A pobre mulher não conseguiu erguer os olhos para falar no dia em que quebrou um vaso de porcelana. Nada absurdo. Já avisara diversas vezes: aquele vaso deveria ficar no chão ou no centro da mesa de jantar. Talvez até no banheiro, no canto, com as revistas enroladas e enfiadas nele. Invisível, imperceptível. Um elemento a mais na paisagem. Não acrescentaria ou revogaria nada.
Quando deixou de existir, aliás, não provocou mudança nenhuma. A sala de estar continuou a mesma e o aparador continuou com a bandeja de palha onde deixávamos — e eu ainda deixo — chaves e correspondências que demandam alguma ação futura.

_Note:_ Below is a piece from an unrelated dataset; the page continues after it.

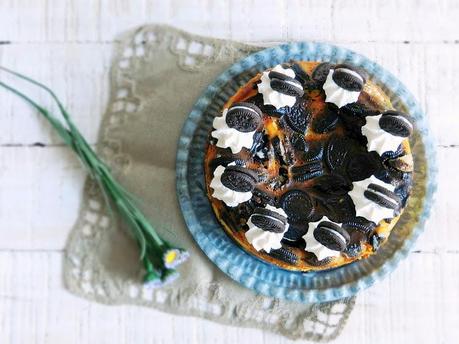 Tarta de queso y oreo Tarta de queso y oreo
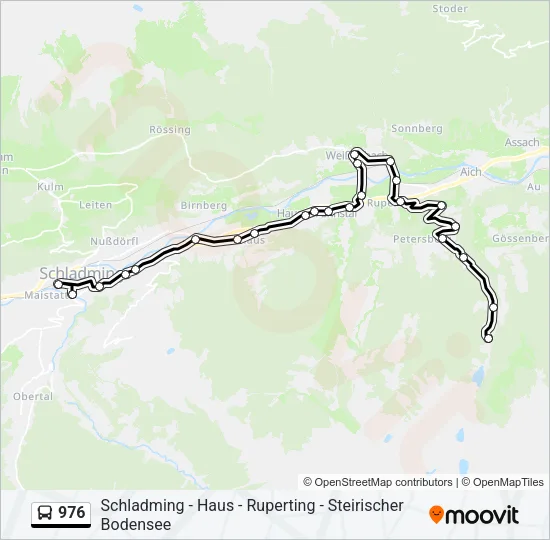976 Bus Line Map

Ali estavam duas faces da invisibilidade. A faxineira querendo tornar-se invisível e livrar-se de alguma pena ou castigo. Algo fácil de se conseguir. Bastava sair as ruas e misturar-se. Desapareceria aos olhos de muitos.

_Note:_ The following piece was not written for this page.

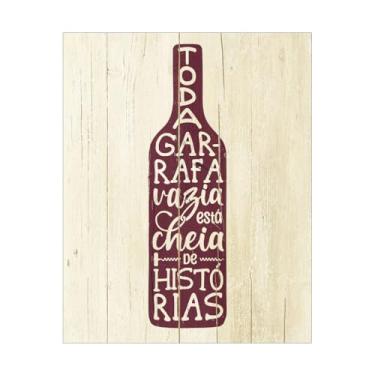 Imagem de Placa Decorativa 20x25 Garrafa de Vinho Adega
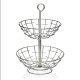 Fruit Bowl Versa 2 Shelves Metal Silver Steel 28 x 41 x 28 cm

Maria Cândida ouviu meus conselhos e não fez nada. “São coisas que acontecem”, disse. A mulher ficou grata e faz de um tudo para me agradar e manter o emprego. Mais fácil aqui, pois estou só. “Não fui trabaiá pra ela purque fica longe pur dimais”. Ergo os olhos para o retrato na parede. O reflexo do sol na janela não me concede visão plena e fico apenas com a imagem da foto de memória.
Um homem de terno e uma mulher com vestido de noiva. Dessa posição vejo apenas os pés. Aquela noiva saiu pela porta da sala de estar, deixando aquela impressão particular em cada centímetro cúbico do lugar. Uma “herança”. A pessoa mais invisível que conheço e inevitavelmente presente.

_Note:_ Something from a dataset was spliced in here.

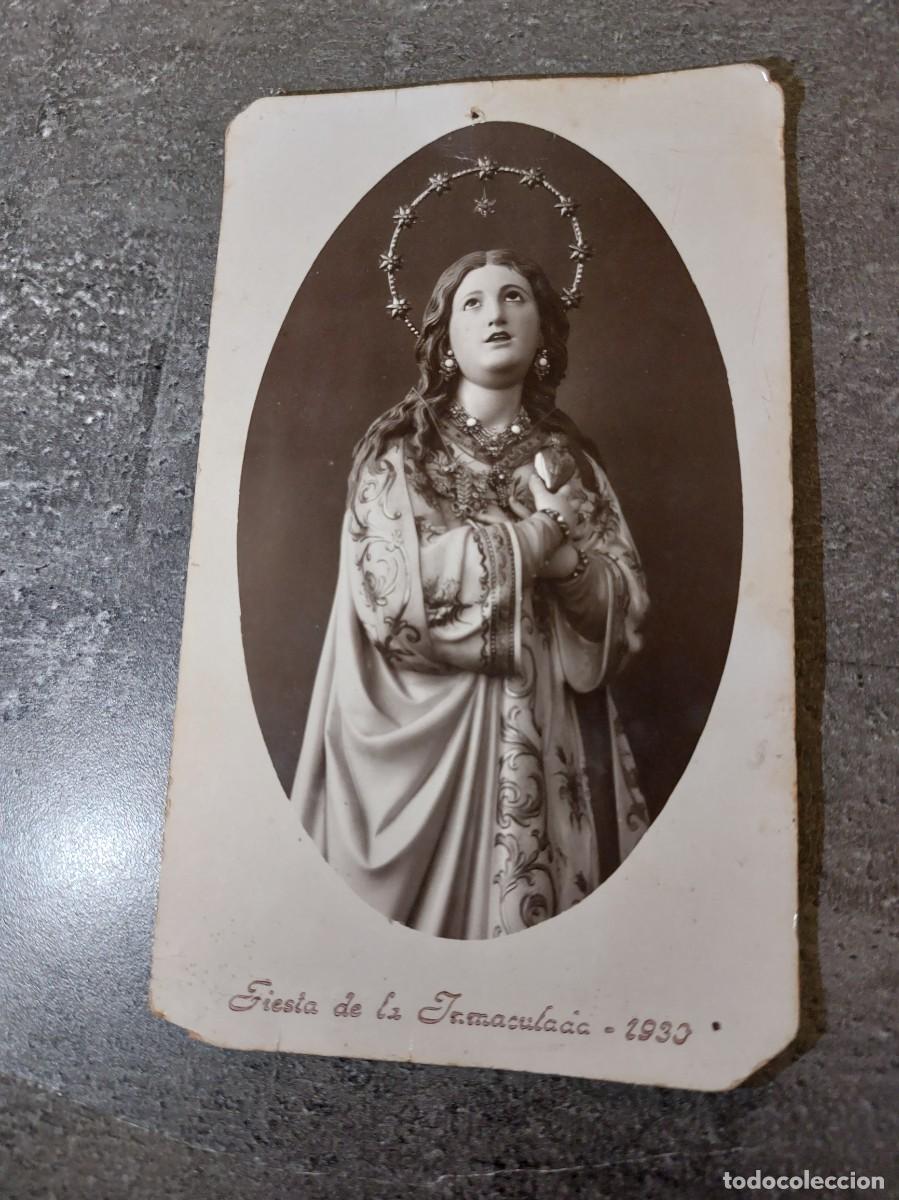 Postales: Postal de la Inmaculada - 1930 - Foto 1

Essa atmosfera sisuda da sala de estar parece mais algo estabelecido por uma presença fantasma. Quero desesperadamente torná-la realmente invisível. Mas não há ambiente onde não a pressinta. Nesse espaço ela reina. Não está e não mais estará, mas é só dela.
Fui insensível. Todo o meu mundo ali a um toque de carinho. Estava cego. Não me dei conta do tamanho da ignorância em distribuir o dom da invisibilidade à pessoa mais importante da minha vida. Obtive sucesso, claro. Ela se foi com o dom e fiquei com a maldição.
Agora está “longe pur dimais” e convivo com a ausência. A sua invisibilidade. E invisível me torno também.